Dorte Mandrup, architecte – Dorte Mandrup A/S, Copenhague, Danemark
Dorte Mandrup a gagné une renommée mondiale par la beauté des projets qu’elle édifie, dans des climats extrêmes et sur des sites qui, comme les glaciers du Groenland, ont une valeur universelle et qu’elle-même qualifie d’« irremplaçables ». Dorte Mandrup aborde la construction écologique comme une science. Si elle utilise le bois et le chaume plutôt que des matières énergivores ou polluantes, ce n’est pas par nostalgie. Elle étudie leurs propriétés, elle pousse l’innovation technique pour concevoir avec eux une architecture capable d’aider les sociétés à affronter une rupture brutale, le dérèglement climatique.
Martin Rauch, constructeur – Lehm Ton Erde Baukunst GmbH, Autriche
C’est une matière sculpturale qui a conduit le céramiste Martin Rauch vers la construction et l’architecture : la terre. C’est d’abord en Afrique que le jeune apprenti Martin Rauch, parti en volontariat, a découvert les huttes d’argile. Puis il a découvert et sorti de l’oubli l’architecture de terre européenne et sa richesse culturelle et technique. Sa société ‘Lehm-Ton-Erde1’ se consacre à la construction en terre. Écologiste convaincu autant qu’esthète, il extrait l’argile du site même de ses chantiers, pour rétablir le lien entre édifice et paysage. Cet autodidacte refait de la terre un matériau contemporain, inventant des machines pour préfabriquer les murs et lancer des constructions en terre de grande dimension.

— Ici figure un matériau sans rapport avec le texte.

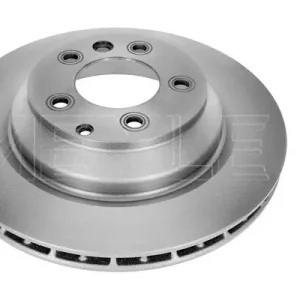 Bezpieczna płatność Tarcza hamulcowa MEYLE 115 523 0034/PD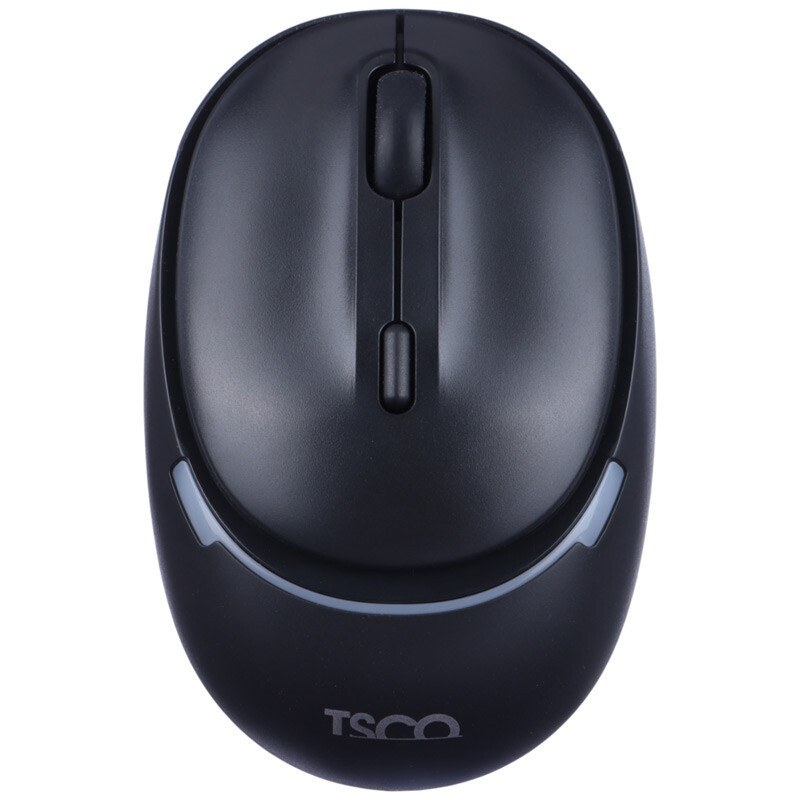 ماوس بی سیم تسکو مدل TM 738W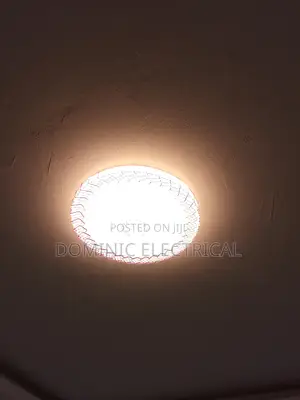 Electrical Technician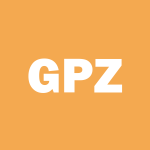 GPZ Stock Logo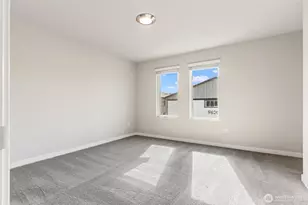 9616 19th Ave SE, Everett, WA 98208 - Photo 26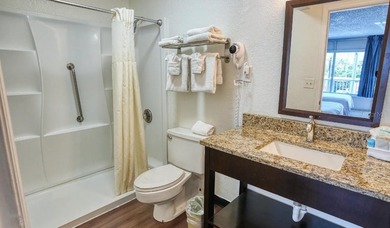 Fantastic Clearwater Beach investment opportunity -- - photo 8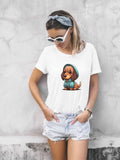 Premium Dog PNG Design | Funny Dog T-Shirt PNG | Dog Lover Gift | Transparent Background | Sublimation Design | Instant Digital Download||p29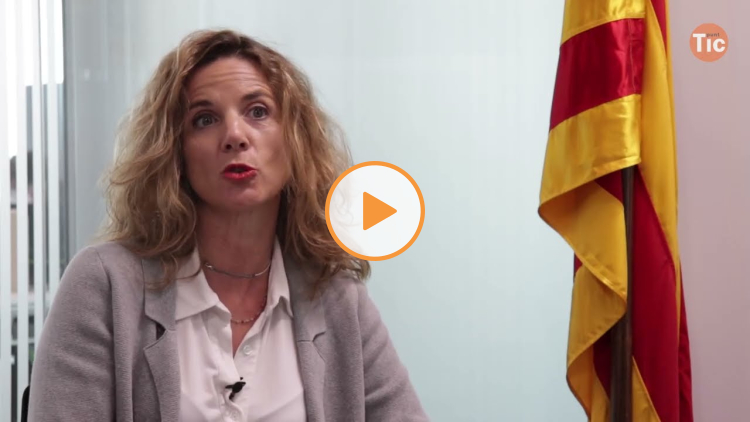 Embedded thumbnail for Vols obtenir un certificat ACTIC?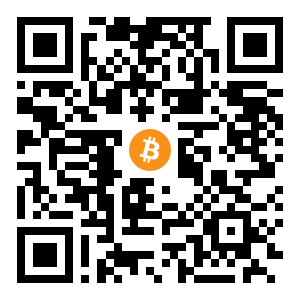 bitcoin:bc1qewvnnxwwkfktak3tuctam7zkf2hasfm47e5cu2 black Bitcoin QR code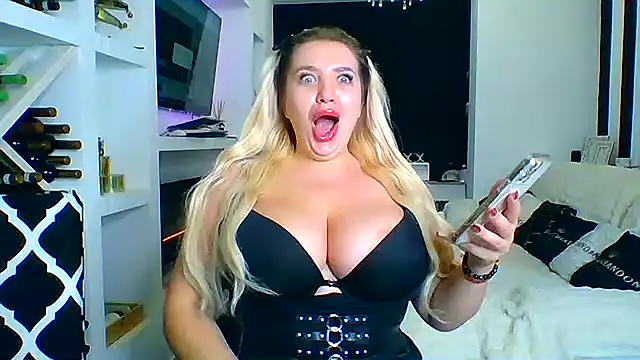 evedanger online show from 27, 10, 2025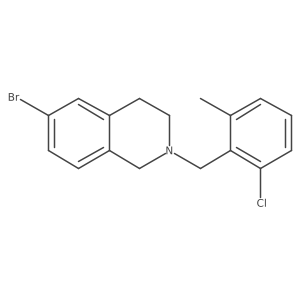 2080319-47-5结构式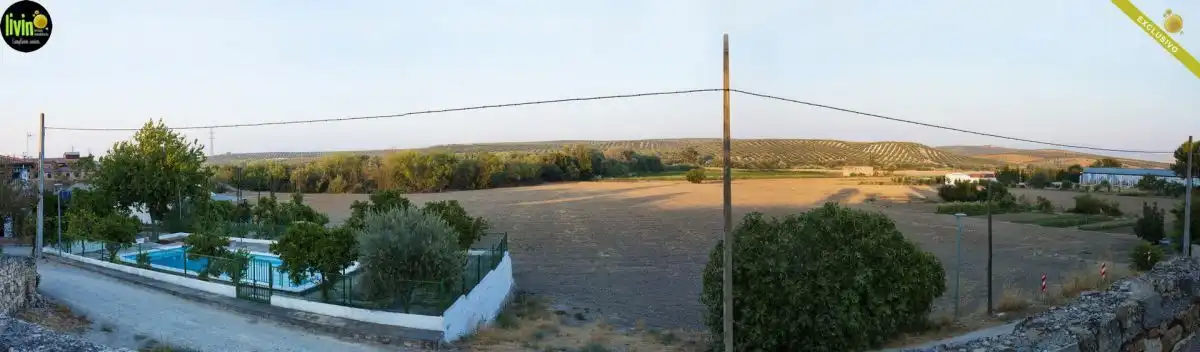 Casa o xalet en venda en Puente Tablas - Puente Nuevo - Cerro Molina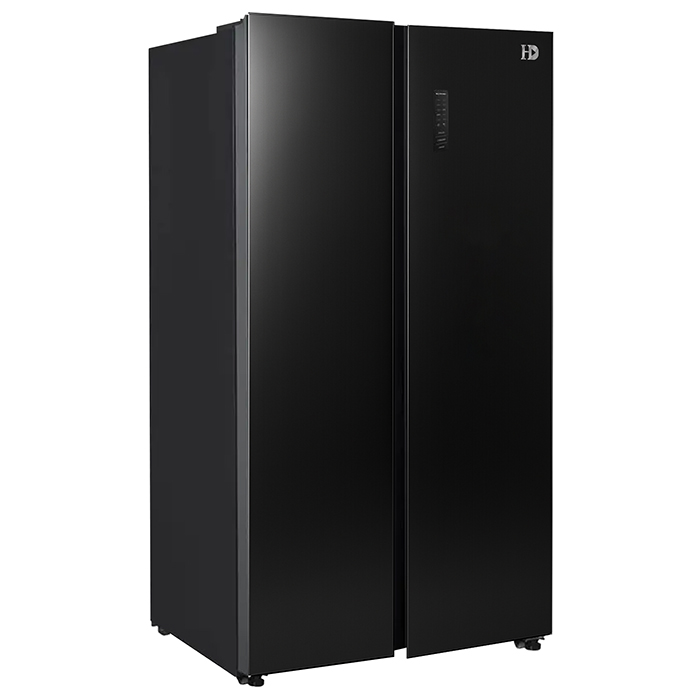 hd_heladeras_heladera-hd-hgkd-001-383-litros-negro-2p-inverter-fs_4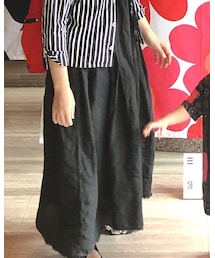 nest Robe | ワンピース/ドレス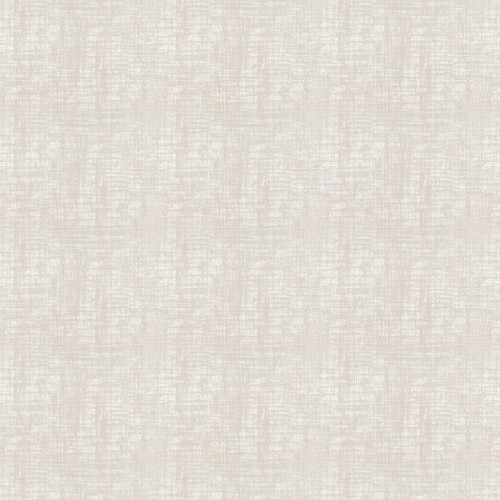 72543cf72f03a18fb3543e931c3eda50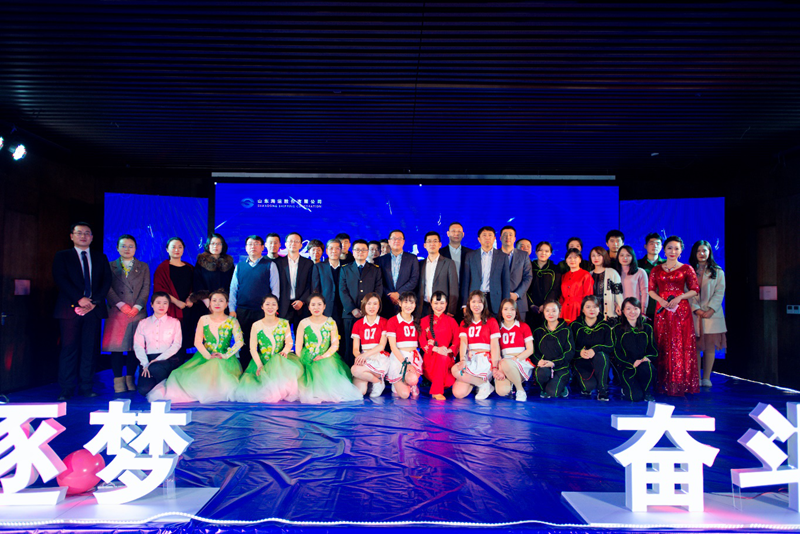 ������ʱ��(�й���)�������ǲ�!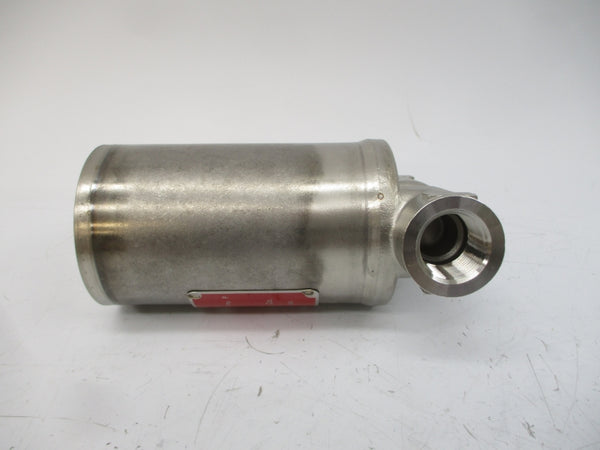 WATSON MCDANIEL SIB-13-N-020 20PSI 3/4" NSMP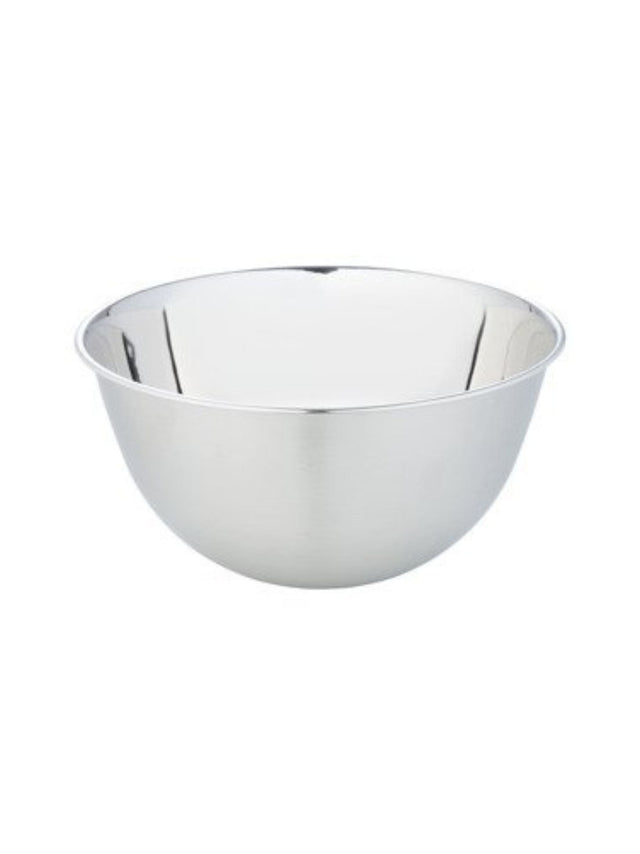 Image for Mixing Bowl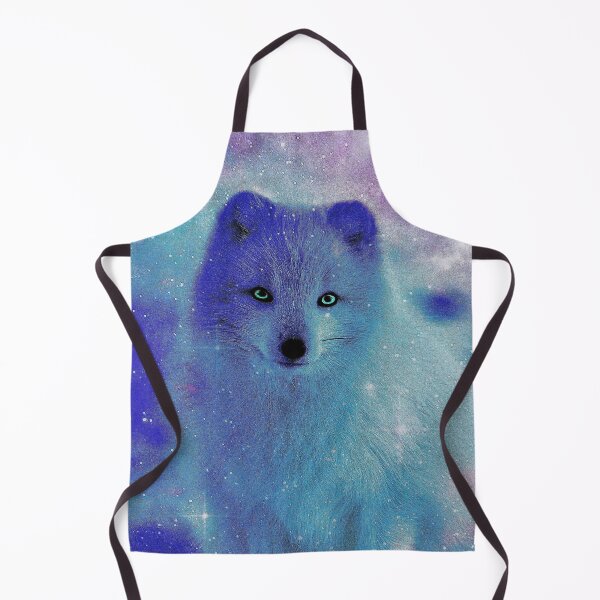 Item preview, Arctic Fox designed and sold by AADesigning.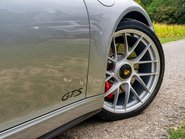 Porsche 911 3.0 911 Carrera GTS Semi-Auto 2dr 7
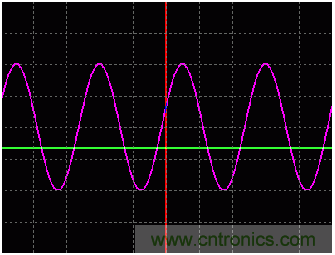 利用開關(guān)電容濾波器如何設(shè)計抗混疊濾波器？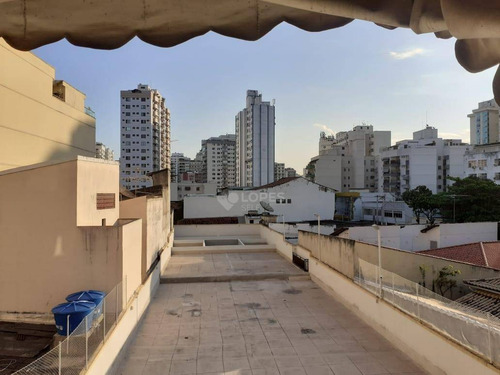 Apartamento Com 2 Quartos, 75 M² Por R$ 377.000 - Santa Rosa - Niterói/rj - Ap46960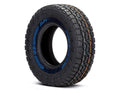 TOYO auto part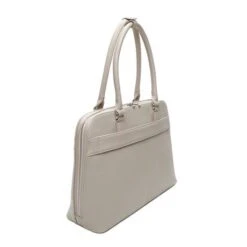 Socha Businessbag Couture V 15.6" Vanilla -Secrid || Piquadro || Mywalit Verkoopwinkel couture v vanilla 7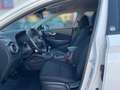 Hyundai KONA 1.0 T-GDI EDITION 30 *R.Kam*SHZ*LHZ*PDC* Bianco - thumbnail 7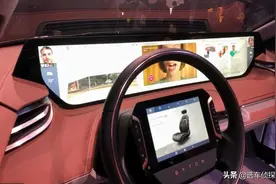 起亚关闭360°全景影像功能，这几个品牌早已关闭，原因解读图片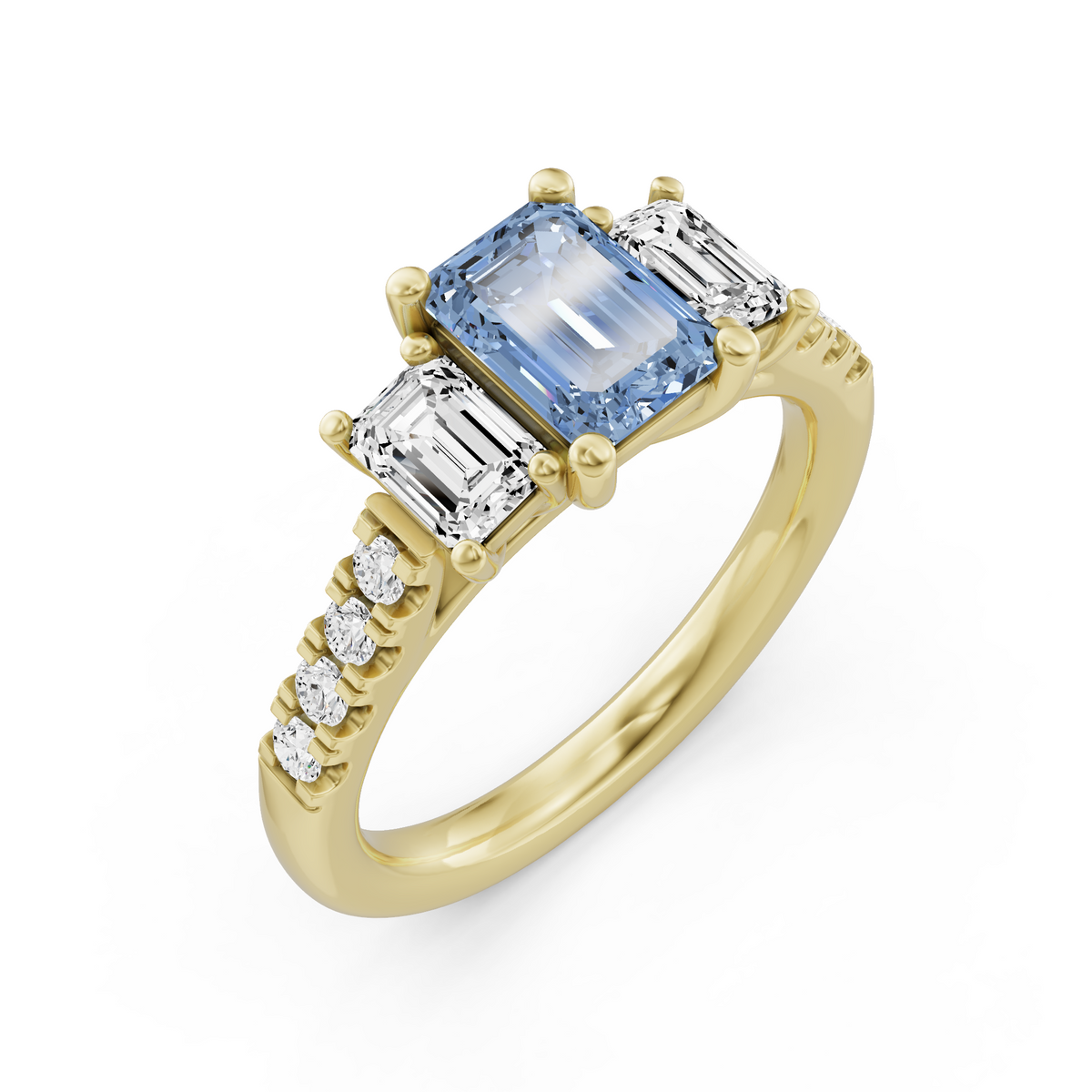 _roll_image@SKU:RG284-NCQE01000004Y #metal_14k-yellow-gold+origin_lab-created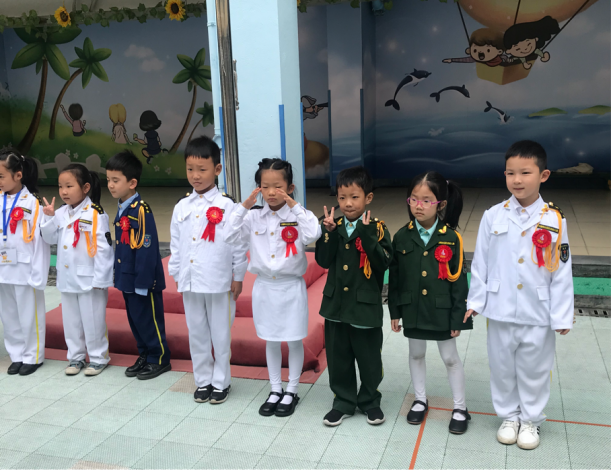 微信图片_20211219141946.png 微信图片_20211219141946.png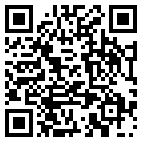 QR Code for Netcetra in Brick, NJ 08723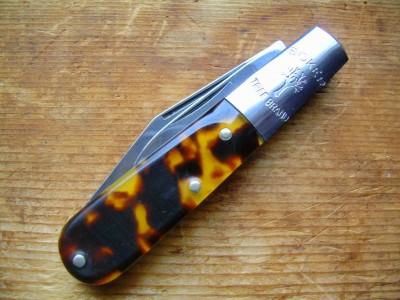 Boker barlow 003.jpg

Ömer Selçuk Baz et Okan Bal, architectes – Yalin Architectural Design, Turquie
En turc, ‘Yalin’ signifie simplicité, humilité. Fondée par l’architecte Ömer Selçuk Baz et l’urbaniste Okan Bal, la sobriété que YALIN recherche est une démarche esthétique mais aussi politique. En Turquie, l’agence combat ce qu’elle nomme des crimes urbains : une absence de règles et d’éthique qui fait qu’on rase la ville ancienne au profit d’une « architecture de vitrine », tandis que la périphérie tourne au chaos. Pour faire école de simplicité, Yalin se consacre beaucoup à l’aménagement de sites naturels et culturels. La méthode est que chaque projet s’enracine dans son territoire, lequel est aussi un milieu humain car pour construire les édifices, Yalin visite les carrières et les briqueteries avoisinantes, ravive des métiers et des façons de bien faire.